= Task prompt =
What you return should be only the lines in the entries below between the one holding "Teaching makes me" and the one holding "Breakpoint: Nereis by Alison Sinclair", ends included, with every picture left out.

= Material to process =
----

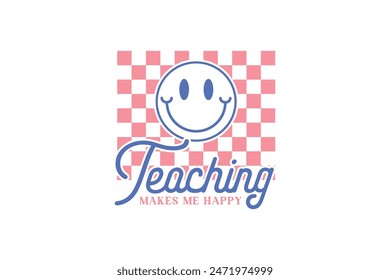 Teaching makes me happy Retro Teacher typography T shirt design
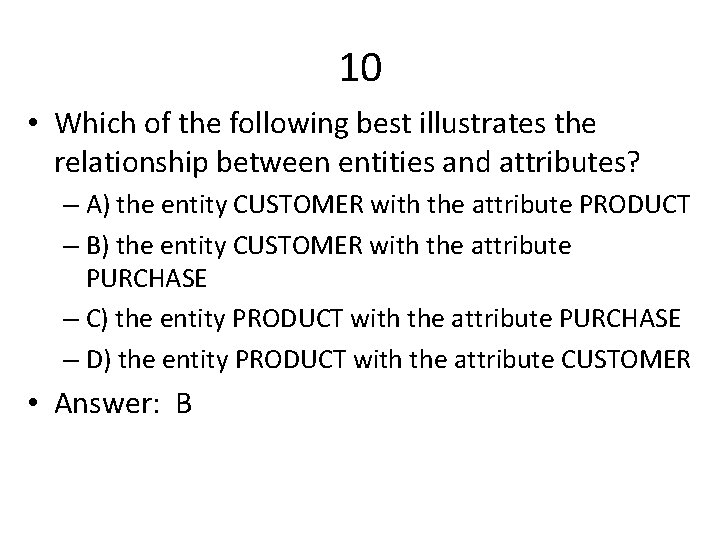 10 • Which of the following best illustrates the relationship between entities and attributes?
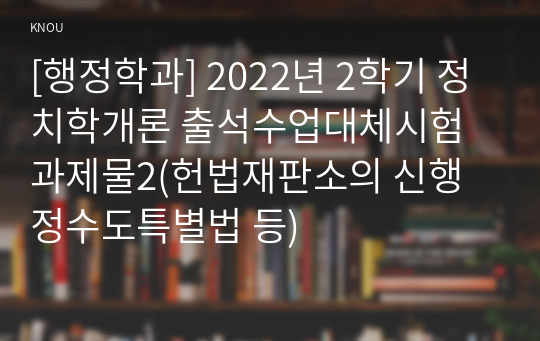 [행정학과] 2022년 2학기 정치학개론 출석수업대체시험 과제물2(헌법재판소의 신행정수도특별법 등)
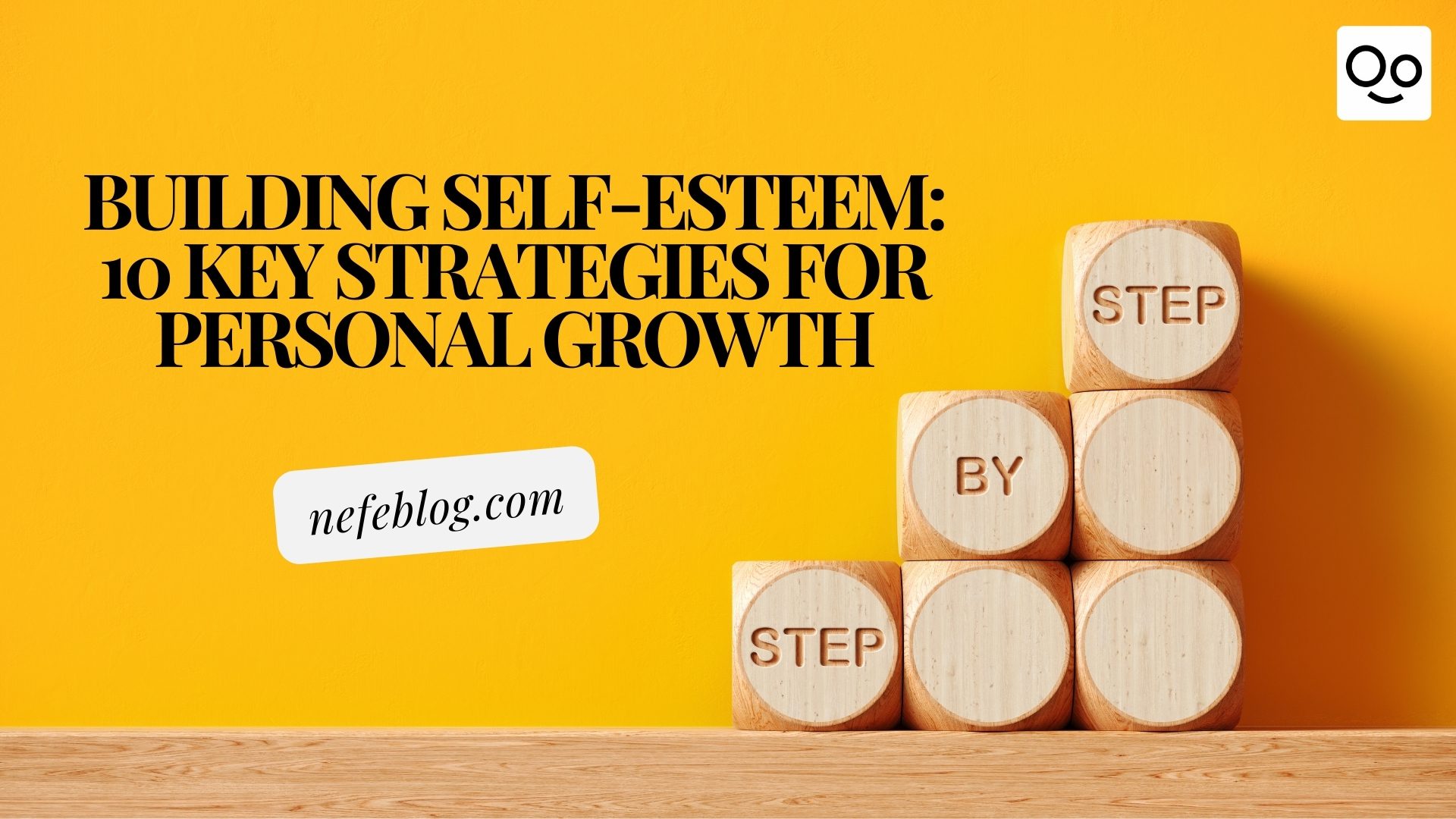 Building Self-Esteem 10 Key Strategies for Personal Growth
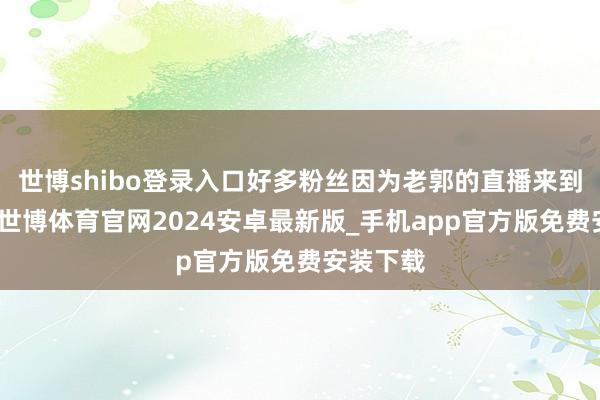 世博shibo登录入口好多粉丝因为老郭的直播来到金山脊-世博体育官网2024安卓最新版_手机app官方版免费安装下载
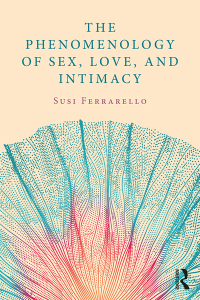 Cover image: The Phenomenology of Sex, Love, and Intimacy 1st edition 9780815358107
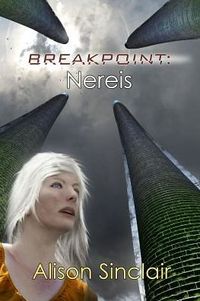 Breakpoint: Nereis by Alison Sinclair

----

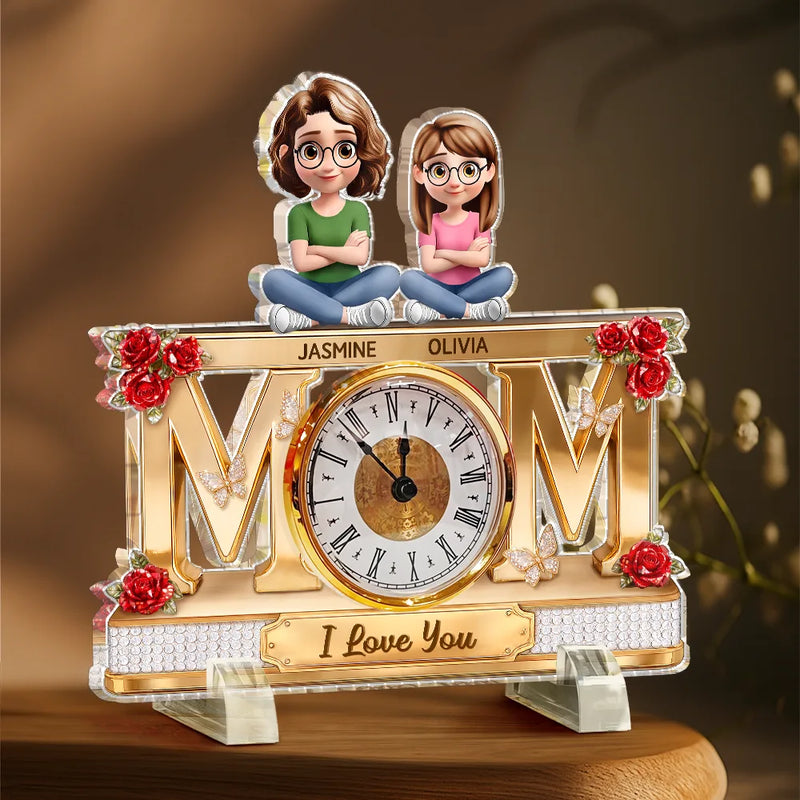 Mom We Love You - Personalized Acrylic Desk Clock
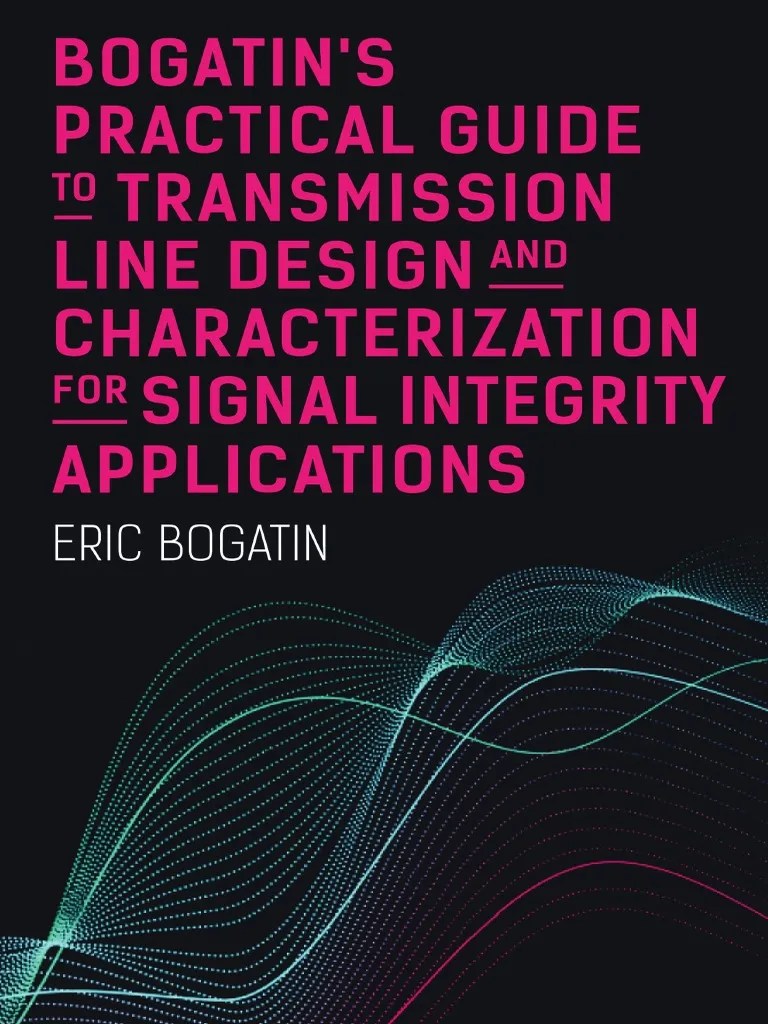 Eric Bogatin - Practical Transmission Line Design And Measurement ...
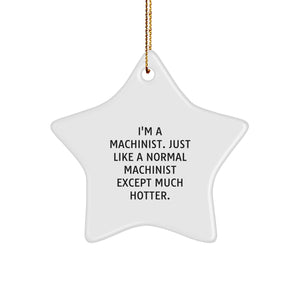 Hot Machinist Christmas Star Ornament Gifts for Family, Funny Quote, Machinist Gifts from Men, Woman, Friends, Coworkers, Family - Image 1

----

= Your solution =
 Teaching makes me happy Retro Teacher typography T shirt design
 10 • Which of the following best illustrates the relationship between entities and attributes?
 [행정학과] 2022년 2학기 정치학개론 출석수업대체시험 과제물2(헌법재판소의 신행정수도특별법 등)
 Building Self-Esteem 10 Key Strategies for Personal Growth
 世博shibo登录入口好多粉丝因为老郭的直播来到金山脊-世博体育官网2024安卓最新版_手机app官方版免费安装下载
 Cover image: The Phenomenology of Sex, Love, and Intimacy 1st edition 9780815358107
 Breakpoint: Nereis by Alison Sinclair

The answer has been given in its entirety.